It is commonly said that we have no idea what happens after death because no one has ever returned to tell about it. This, however is not altogether true. In fact, we have three sources of information for what happens after death: 1) the reports of people who have actually survived "clinical death" (the cessation of all physical life signs) and have reported what are today called near-death experiences (NDE's); 2) the observations of practitioners in those traditions (such as Tibetan Buddhism) which have actually developed meditative techniques for mimicking the death process; 3) the postmortem mythologies found in virtuallyall the world's religions. Furthermore, despite many disparities between these various accounts, there are also certain underlying patterns and motifs which recur from culture to culture and individual to individual with a frequency striking enough to prohibit us from simply dismissing them as mere products of personal fancy.

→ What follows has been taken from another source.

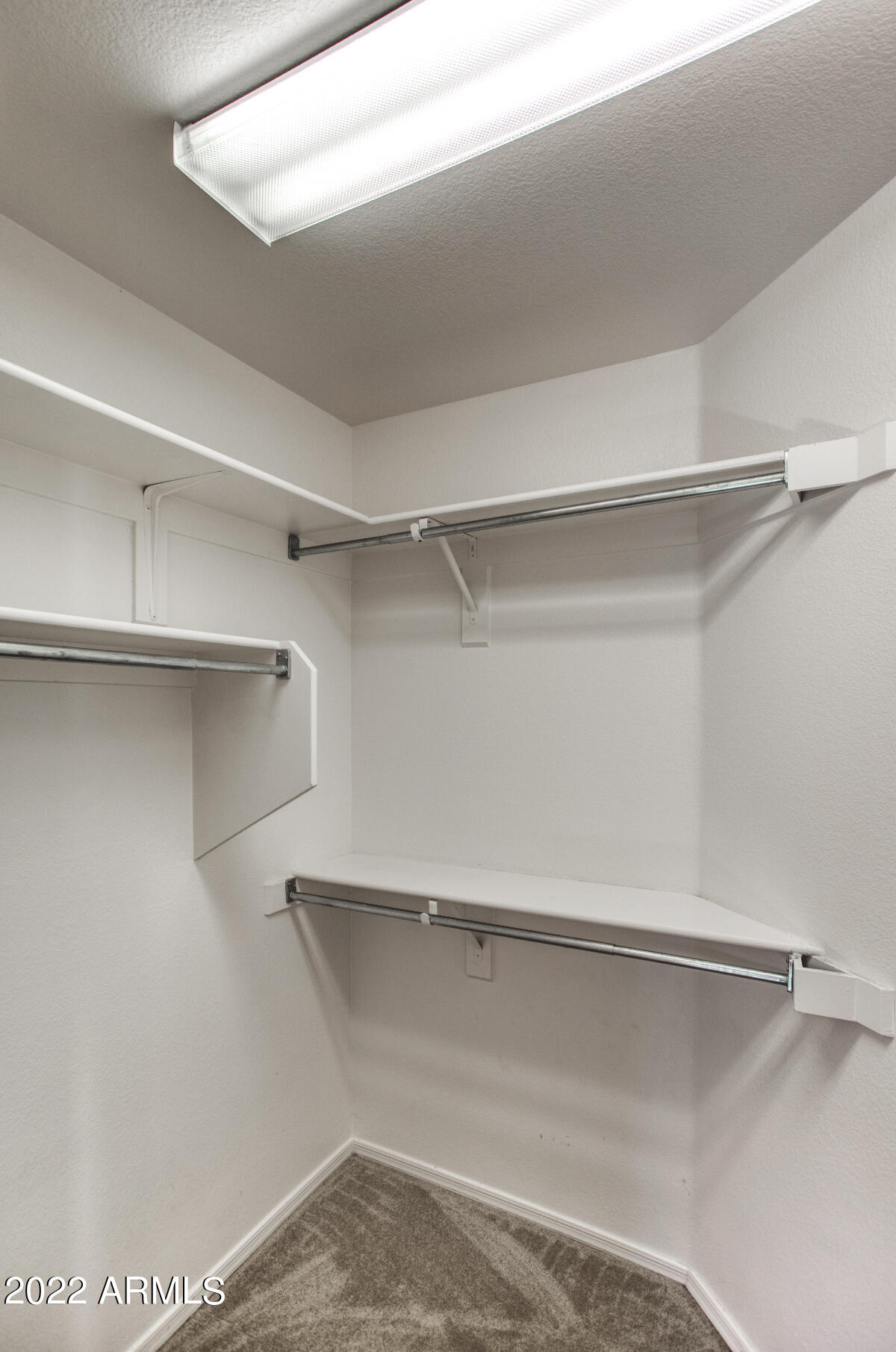 4333 South Rim Court Gilbert, AZ 85297 - Photo 13 of 20 a view of an empty walk in closet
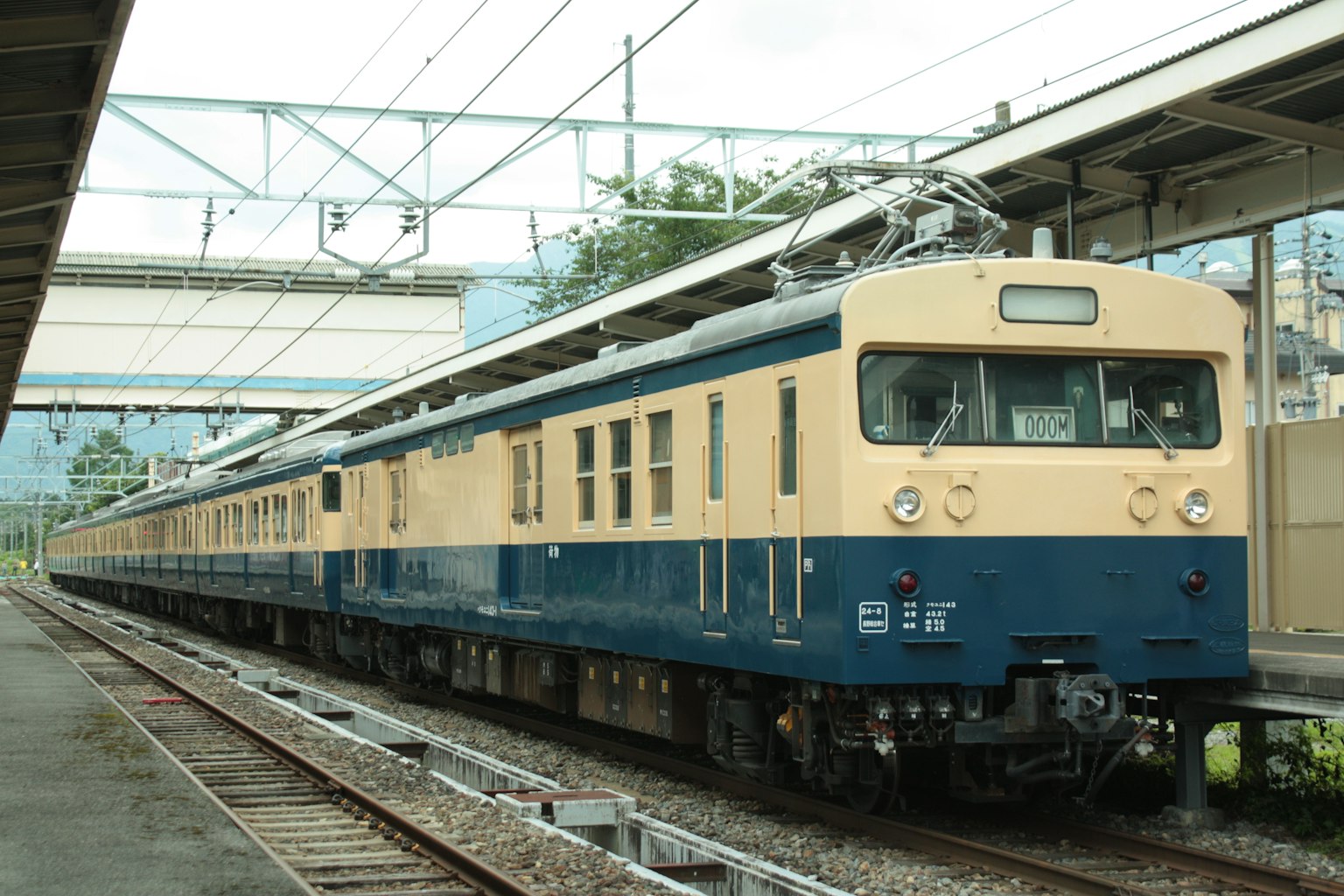 Un tren eléctrico azul y crema está detenido en una estación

It is not, however, our intention here to present a full analysis of this body of evidence for what happens during and after death. (Indeed, a truly comprehensive study of the subject has, to our knowledge, yet to be done. [1]) Instead, we shall explore one aspect of death upon which at least the mystics of all traditions unanimously agree: for those who are spiritually prepared, death presents a "golden opportunity" for attaining that Gnosis or Enlightenment which frees one from all suffering and death, forever.

In the Tibetan tradition, for example, death is seen to unfold in eight stages, during which the dying person's various physical and mental constituents are absorbed into each other, until finally, there is nothing left but an apparent void. This is the critical moment. If the dying person can Recognize that this 'void' is actually the "fundamental clear light," which is 'the nature of the mind, itself," (i.e., Ultimate Reality) then he or she will achieve full Enlightenment; for, as Bokar Rinpoche explains:


Recognizing this fundamental clear light means "Becoming Buddha in the absolute body at the moment of death." [2]

In the Hindu Upanishads, we find a similar description of what happens .during the death process which also leads to a moment in which the Ultimate Nature of Reality can be Realized:


When, dear one, a person dies, his voice is absorbed into his mind; his mind into his breath; his breath into heat; and heat into formless Spirit. That is the Real. That is the essence of this whole world. That thou art. [3]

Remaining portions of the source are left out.